WHAT IS BEING ASKED
Please write the data out once more, exactly as it is given.
#### LISTED RECORDS ####
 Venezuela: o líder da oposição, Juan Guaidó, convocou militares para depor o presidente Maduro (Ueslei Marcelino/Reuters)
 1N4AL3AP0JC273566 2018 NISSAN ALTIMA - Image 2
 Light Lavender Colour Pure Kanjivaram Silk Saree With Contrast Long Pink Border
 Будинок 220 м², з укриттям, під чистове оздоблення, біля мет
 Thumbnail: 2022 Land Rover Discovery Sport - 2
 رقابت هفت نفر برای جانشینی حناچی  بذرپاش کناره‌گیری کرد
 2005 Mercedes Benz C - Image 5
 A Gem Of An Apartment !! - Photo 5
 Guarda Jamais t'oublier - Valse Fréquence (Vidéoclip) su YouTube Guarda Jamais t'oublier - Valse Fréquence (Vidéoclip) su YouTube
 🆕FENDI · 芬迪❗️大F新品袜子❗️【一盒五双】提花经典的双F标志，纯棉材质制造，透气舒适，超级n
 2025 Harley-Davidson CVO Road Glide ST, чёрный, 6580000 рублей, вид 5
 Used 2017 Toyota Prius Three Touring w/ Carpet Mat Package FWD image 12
####
RESPONSE TO THE EXERCISE
 Venezuela: o líder da oposição, Juan Guaidó, convocou militares para depor o presidente Maduro (Ueslei Marcelino/Reuters)
 1N4AL3AP0JC273566 2018 NISSAN ALTIMA - Image 2
 Light Lavender Colour Pure Kanjivaram Silk Saree With Contrast Long Pink Border
 Будинок 220 м², з укриттям, під чистове оздоблення, біля мет
 Thumbnail: 2022 Land Rover Discovery Sport - 2
 رقابت هفت نفر برای جانشینی حناچی  بذرپاش کناره‌گیری کرد
 2005 Mercedes Benz C - Image 5
 A Gem Of An Apartment !! - Photo 5
 Guarda Jamais t'oublier - Valse Fréquence (Vidéoclip) su YouTube Guarda Jamais t'oublier - Valse Fréquence (Vidéoclip) su YouTube
 🆕FENDI · 芬迪❗️大F新品袜子❗️【一盒五双】提花经典的双F标志，纯棉材质制造，透气舒适，超级n
 2025 Harley-Davidson CVO Road Glide ST, чёрный, 6580000 рублей, вид 5
 Used 2017 Toyota Prius Three Touring w/ Carpet Mat Package FWD image 12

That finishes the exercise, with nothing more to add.